# Working with the EIA Extract / Transform
This notebook steps through PUDL's extract and transform steps for the EIA 860 and 923 datasets, to make it easier to test and add new years of data, or new tables from the various spreadsheets that haven't been integrated yet.

In [None]:
%load_ext autoreload
%autoreload 2
import pudl
from pudl import constants as pc
import logging
import sys
from pathlib import Path
import pandas as pd
pd.options.display.max_columns = None

In [None]:
logger = logging.getLogger()
logger.setLevel(logging.INFO)
handler = logging.StreamHandler(stream=sys.stdout)
formatter = logging.Formatter('%(message)s')
handler.setFormatter(formatter)
logger.handlers = [handler]

In [None]:
pudl_settings = pudl.workspace.setup.get_defaults()

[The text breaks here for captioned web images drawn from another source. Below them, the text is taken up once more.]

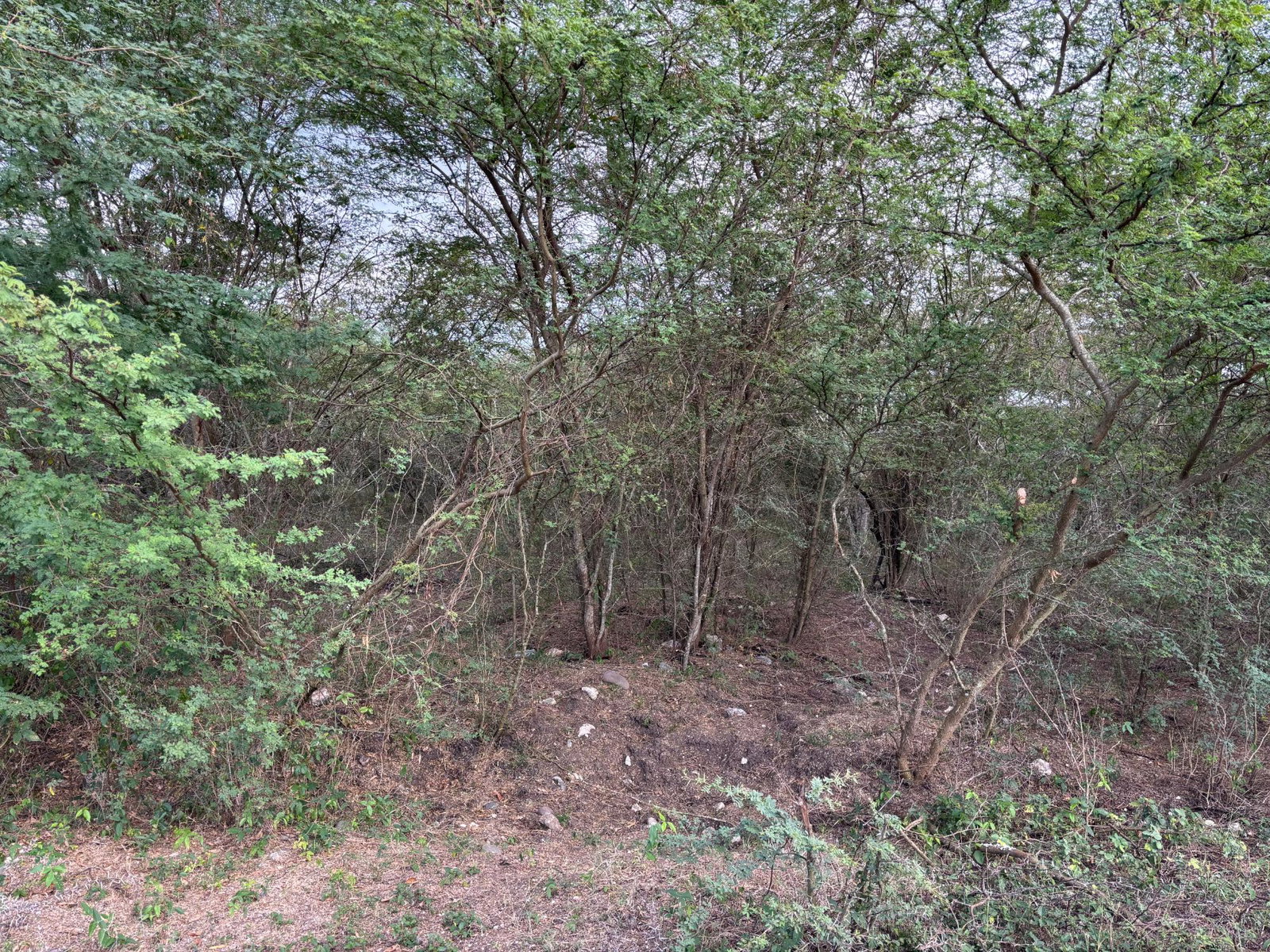 Seventh image of Howell's Content, Clarend in Four Paths, Clarendon, Jamaica - property is For Sale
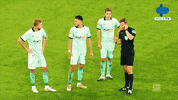 Germany Bundesliga GIF by MolaTV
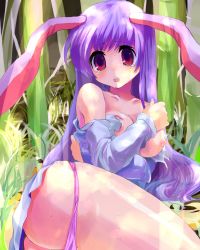 Rule 34 | 1girl, animal ears, ass, bad id, bad pixiv id, bamboo, bamboo forest, blush, breasts, rabbit ears, female focus, forest, kobanzame, light rays, long hair, nature, nipples, panties, panty pull, purple hair, purple panties, reisen udongein inaba, skirt, solo, sunbeam, sunlight, tears, torn clothes, touhou, underwear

## Set the scope for the Extract-Transform:

In [None]:
eia923_tables = pc.PUDL_TABLES['eia923']
eia923_years = [2020, ] # list(range(2001, 2020))
eia860_tables = pc.PUDL_TABLES['eia860']
eia860_years = [2020, ] # list(range(2001, 2021))
eia860m = True

## Create a locally cached datastore

In [None]:
ds = pudl.workspace.datastore.Datastore(local_cache_path=Path(pudl_settings["data_dir"]))

# EIA-860

## Extract just the EIA-860 / EIA-860m

In [None]:
%%time
eia860_extractor = pudl.extract.eia860.Extractor(ds)
eia860_raw_dfs = eia860_extractor.extract(year=eia860_years)
if eia860m:
    eia860m_raw_dfs = pudl.extract.eia860m.Extractor(ds).extract(
        year_month=pc.WORKING_PARTITIONS['eia860m']['year_month'])
    eia860_raw_dfs = pudl.extract.eia860m.append_eia860m(
        eia860_raw_dfs=eia860_raw_dfs, eia860m_raw_dfs=eia860m_raw_dfs)

## Transform EIA-860 / EIA-860m

In [None]:
%%time
eia860_transformed_dfs = pudl.transform.eia860.transform(
    eia860_raw_dfs, eia860_tables=eia860_tables)

# EIA-923

## Extract just the EIA-923

In [None]:
%%time
eia923_extractor = pudl.extract.eia923.Extractor(ds)
eia923_raw_dfs = eia923_extractor.extract(year=eia923_years)

## Transform just the EIA-923

In [None]:
%%time
eia923_transformed_dfs = pudl.transform.eia923.transform(
    eia923_raw_dfs, eia923_tables=eia923_tables)

# Combined EIA Data

## Merge EIA-923/860, set dtypes, harvest entities

In [None]:
%%time
eia_transformed_dfs = eia923_transformed_dfs.copy()
eia_transformed_dfs.update(eia860_transformed_dfs.copy())
eia_transformed_dfs = pudl.helpers.convert_dfs_dict_dtypes(eia_transformed_dfs, 'eia')
entities_dfs, eia_transformed_dfs = pudl.transform.eia.transform(
    eia_transformed_dfs,
    eia860_years=eia860_years,
    eia923_years=eia923_years,
    eia860m=eia860m,
)

out_dfs = pudl.etl._read_static_tables_eia()
entities_dfs = pudl.helpers.convert_dfs_dict_dtypes(entities_dfs, 'eia')
out_dfs.update(entities_dfs)
out_dfs.update(eia_transformed_dfs)